- Opening Delimiter -

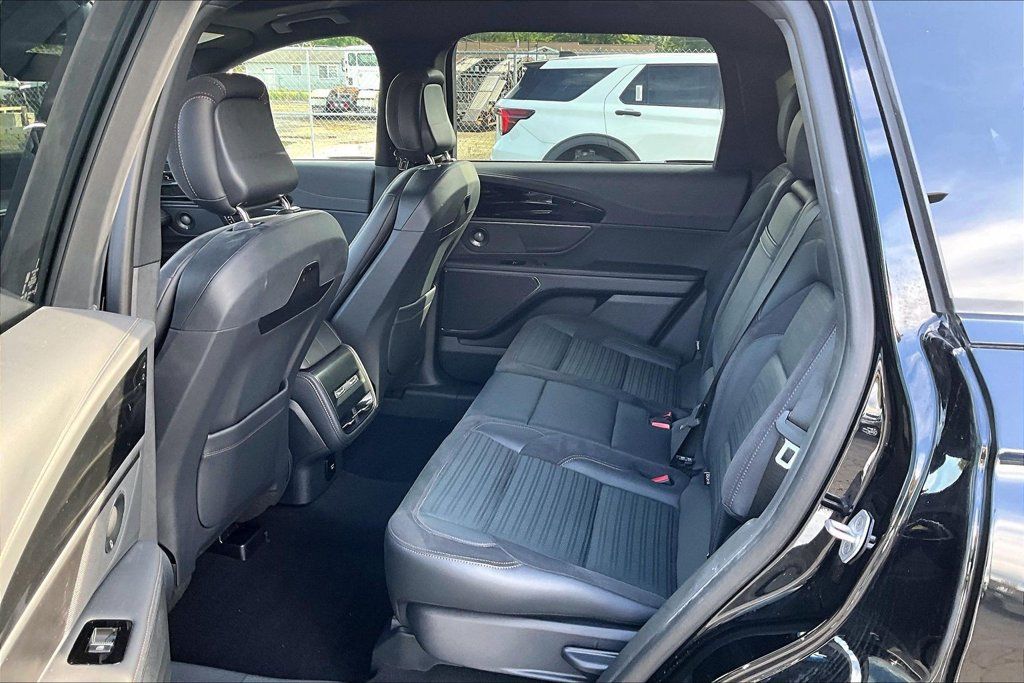 Used 2024 Lincoln Nautilus Reserve w/ Equipment Group 202A AWD/4WD image 11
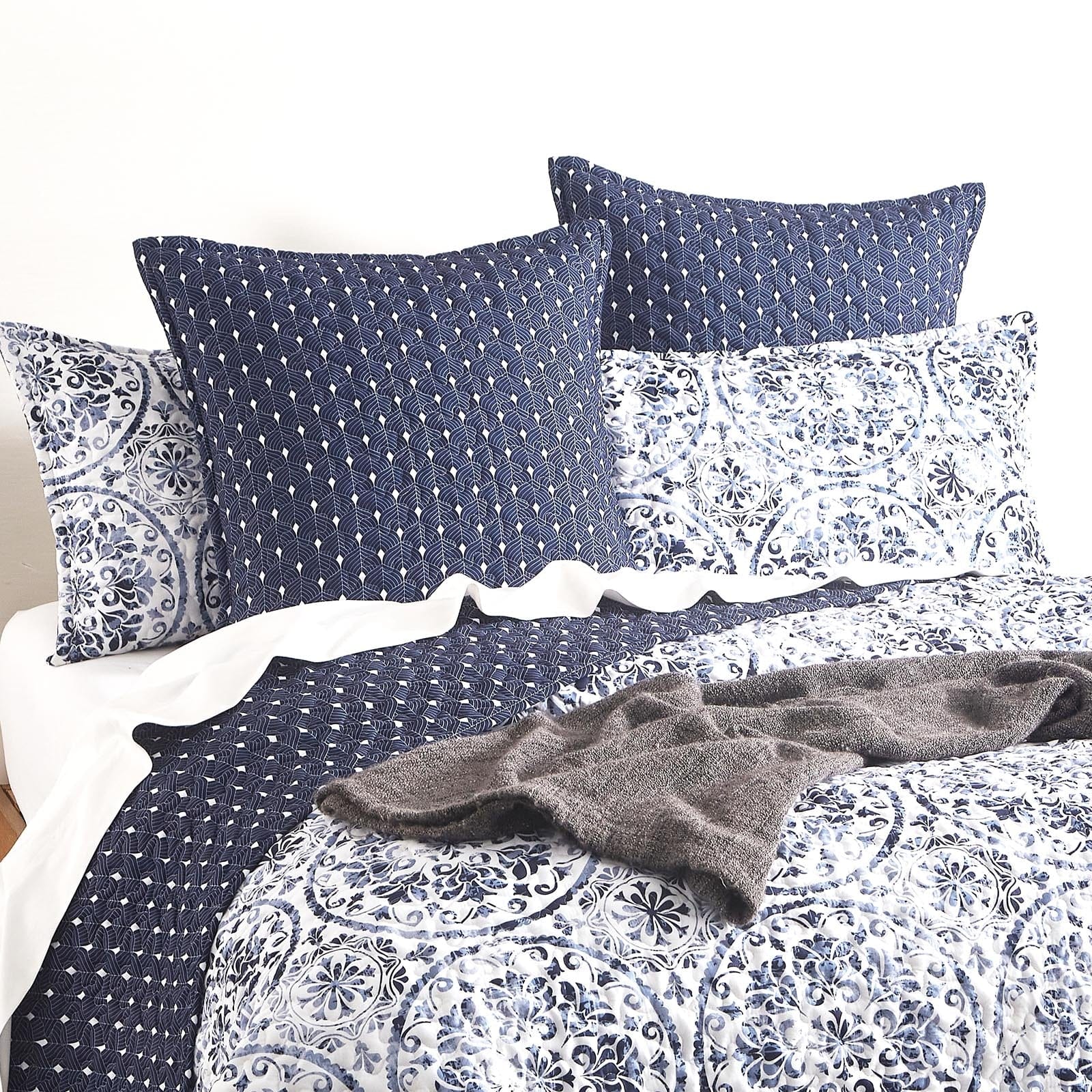 Renee Taylor Coverlet Delos Quilted Reversible Coverlet Set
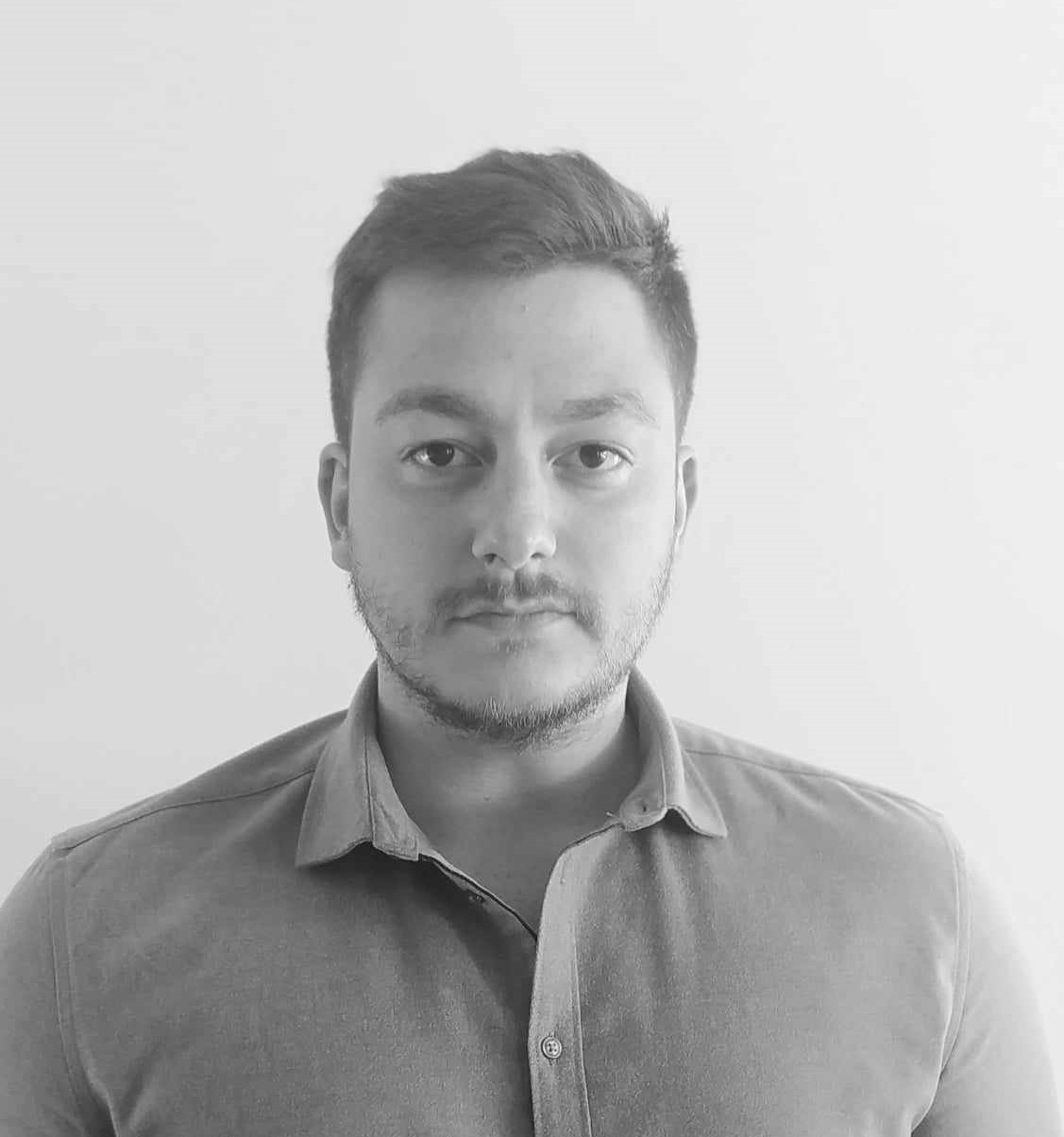 Photo de Pierre Aslan, développeur web freelance en Normandie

- Closing Delimiter -

**Problem statement**. Without including a single picture, restate all of the data word for word.

**Response**.
 Used 2024 Lincoln Nautilus Reserve w/ Equipment Group 202A AWD/4WD image 11
 Renee Taylor Coverlet Delos Quilted Reversible Coverlet Set
 Photo de Pierre Aslan, développeur web freelance en Normandie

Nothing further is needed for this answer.